### Problem requirements
Beginning with the first line, retype exactly the records below up to and including the line with "PINKO Puffer Jackets Women's Black"; pictures do not belong in the copy.

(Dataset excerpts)
§ §

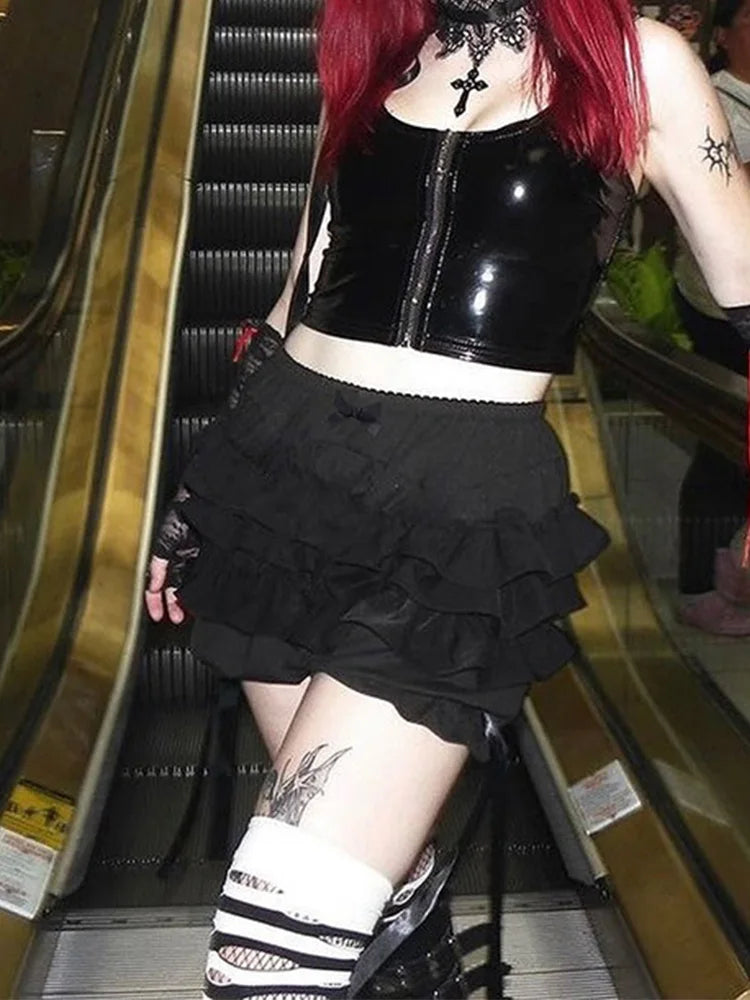 AltGoth Mall Goth Hotsweet Shorts Women Aesthetic Y2k E-girl.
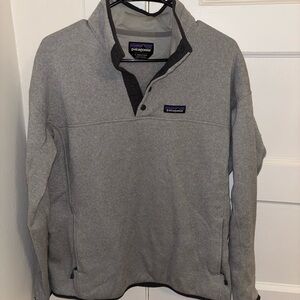 Patagonia Gray Pullover
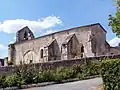Vue latérale sud-est (août&nbsp;2012)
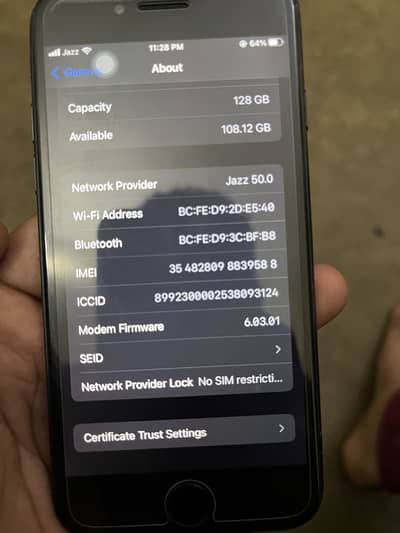 Argent sale and 128 ram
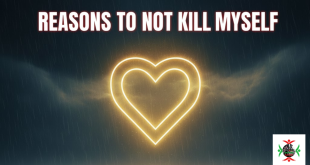 reasons to not kill myself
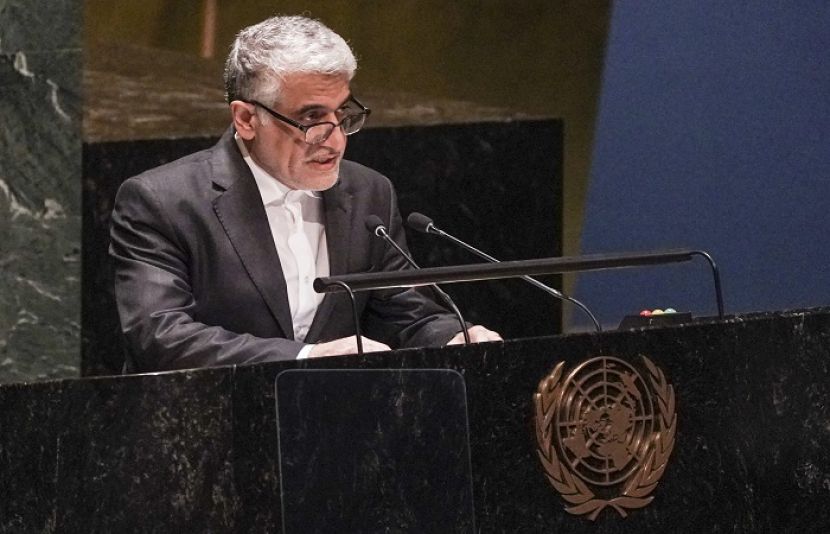 اقوام متحدہ میں ایران کے مستقل مندوب امیر سعید ایروانی
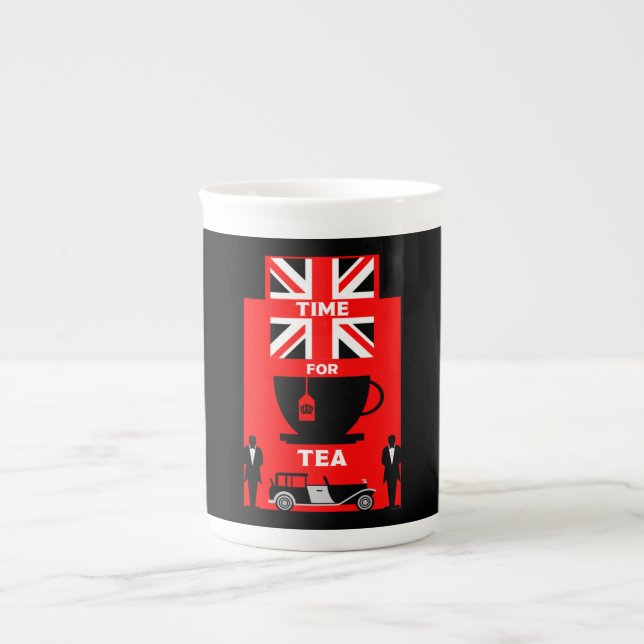 Classic British Tea Drinkers Tasse (Vorderseite)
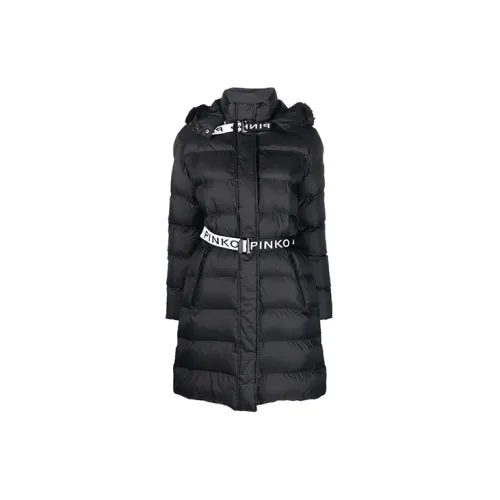 PINKO Puffer Jackets Women's Black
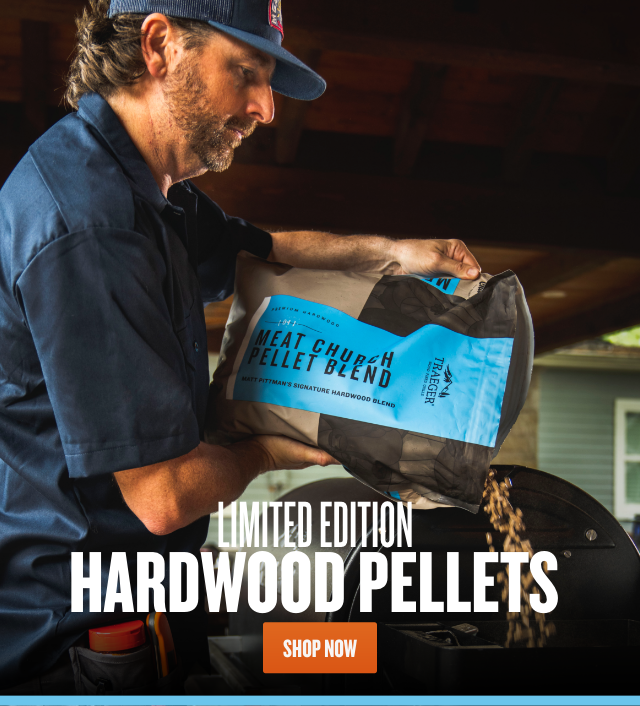 Traeger Grills Meat Church x Traeger Pellets are HERE Milled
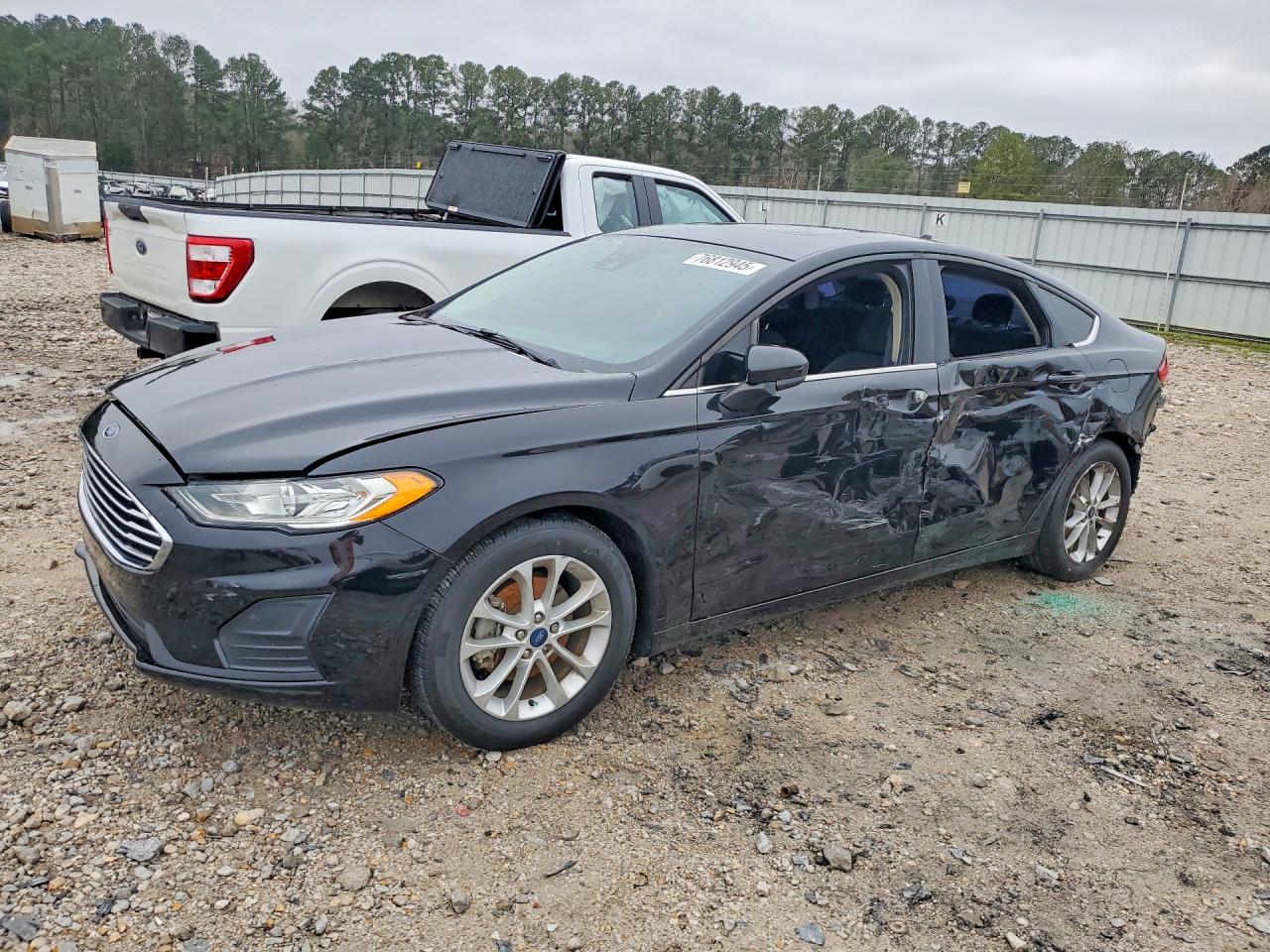 2019 FORD FUSION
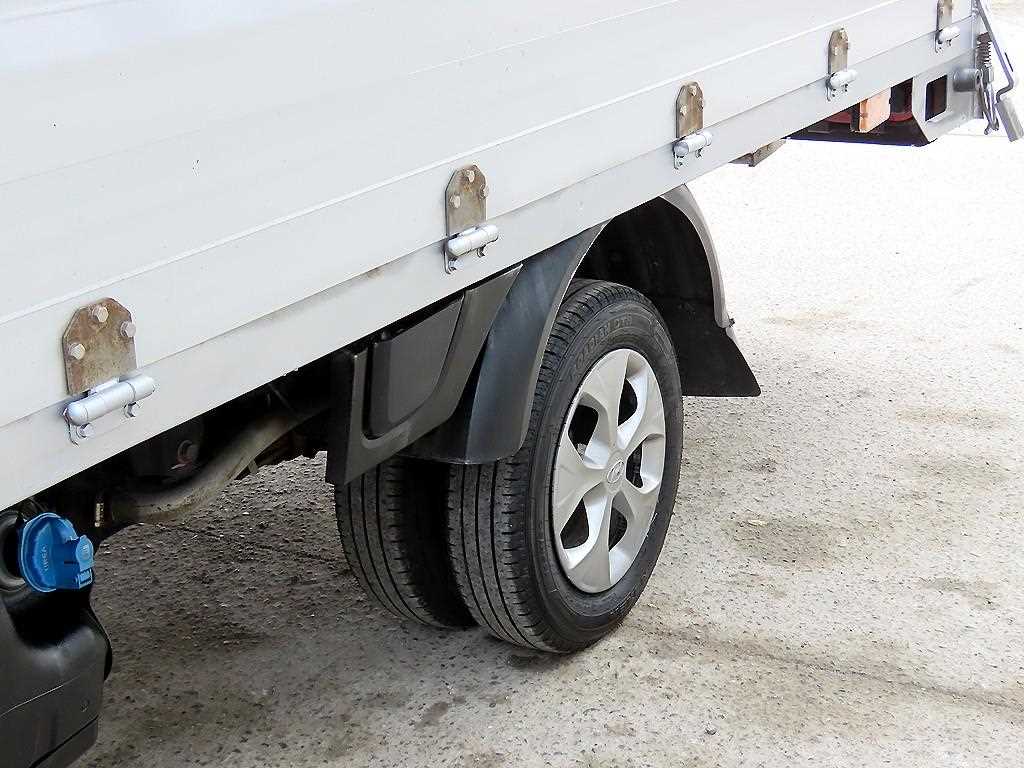 Small Truck Top_Wingbody 2023 Blanco - Importación desde Corea - HF Imports Iquique - Foto 20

§ §

### Answer space
 AltGoth Mall Goth Hotsweet Shorts Women Aesthetic Y2k E-girl.
 Patagonia Gray Pullover
Vue latérale sud-est (août&nbsp;2012)
 Argent sale and 128 ram
 reasons to not kill myself
 اقوام متحدہ میں ایران کے مستقل مندوب امیر سعید ایروانی
 Classic British Tea Drinkers Tasse (Vorderseite)
 PINKO Puffer Jackets Women's Black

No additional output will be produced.